--- START ---

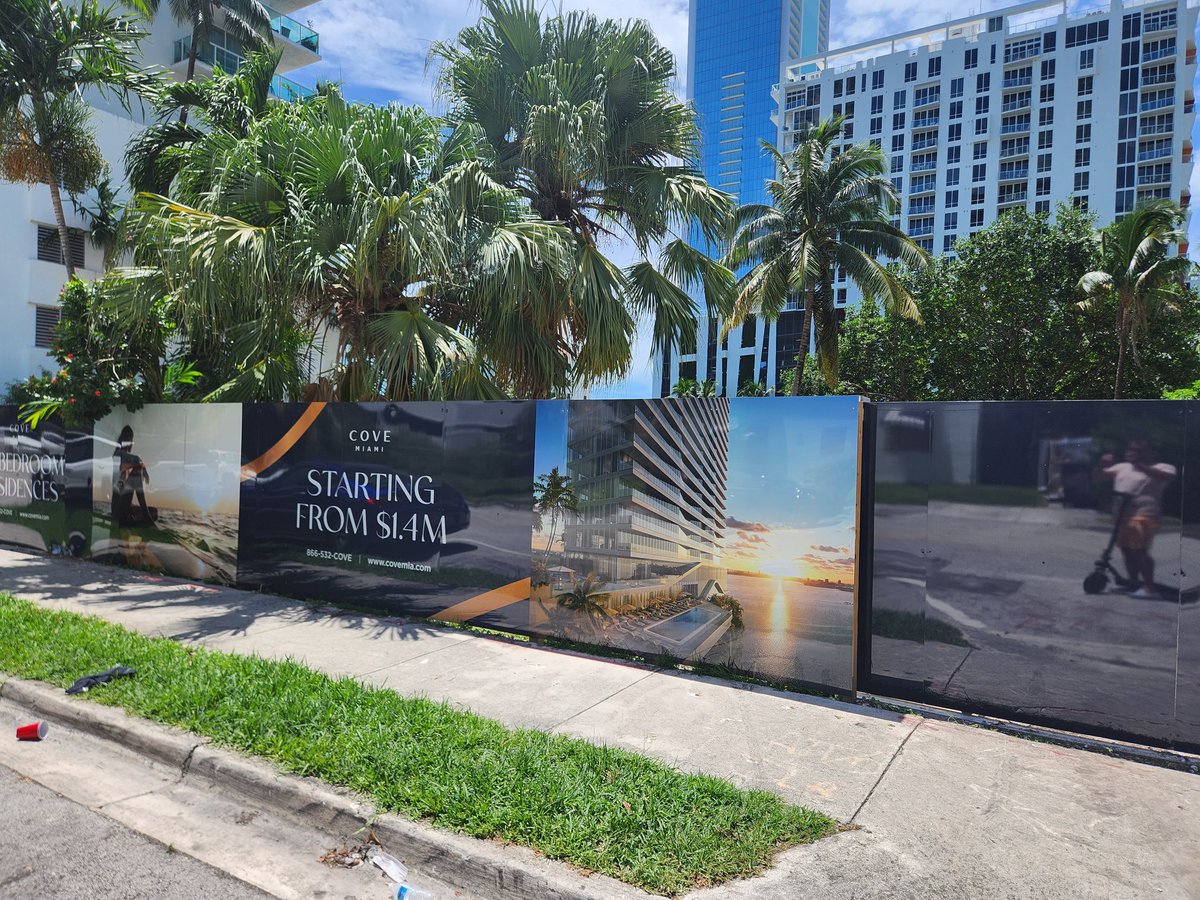 volvoshine's tweet photo. Coming 🔜 👀
Cove Miami™️
#Miami https://t.co/5Wtu5xVneZ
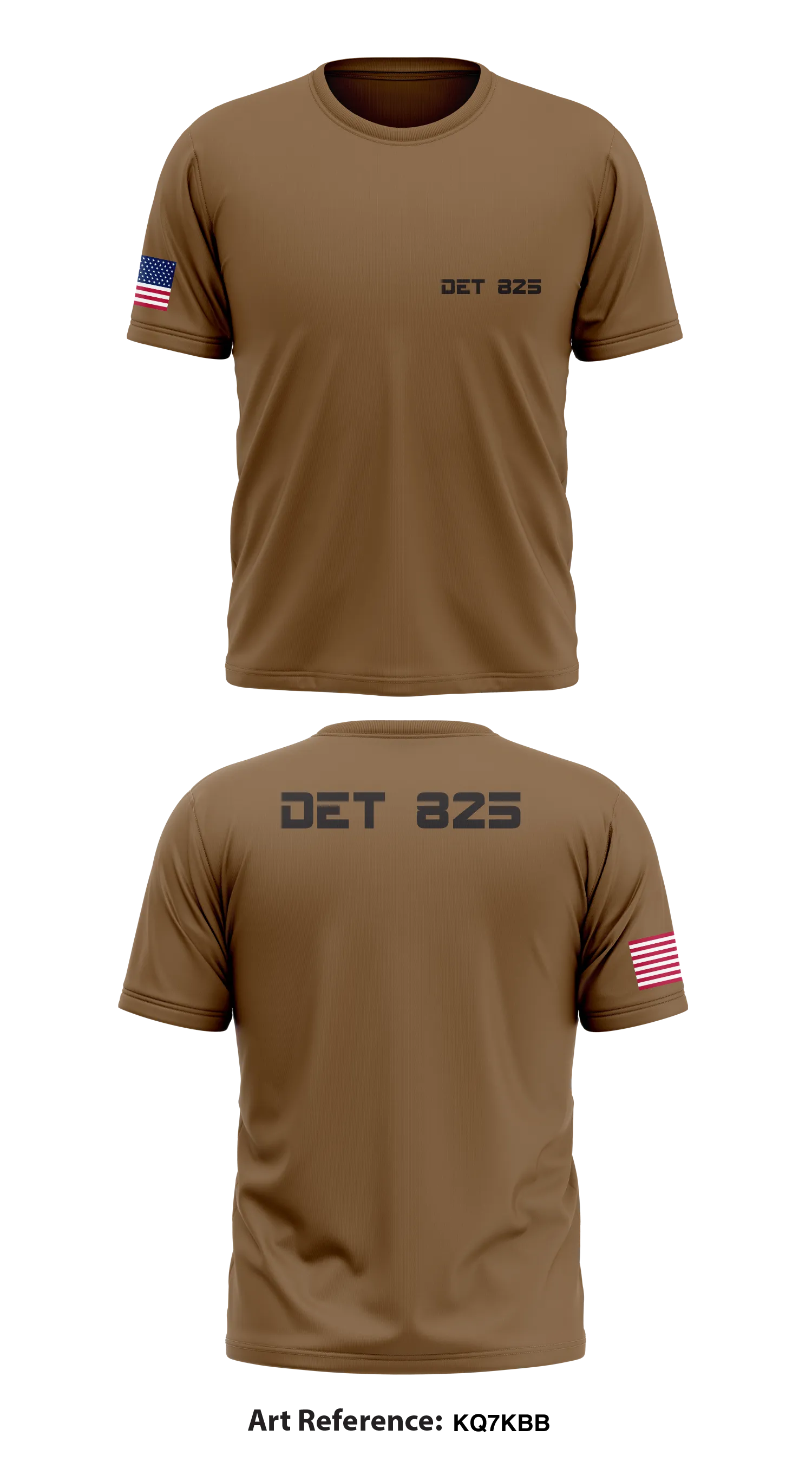 Det 825 Store 1 Core Men's SS Performance Tee - kq7kBb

--- END ---

**YOUR INSTRUCTIONS**:
Would you transcribe all of the data exactly, omitting any pictures?

**EXERCISE ANSWER**:
 volvoshine's tweet photo. Coming 🔜 👀
Cove Miami™️
#Miami https://t.co/5Wtu5xVneZ
 Det 825 Store 1 Core Men's SS Performance Tee - kq7kBb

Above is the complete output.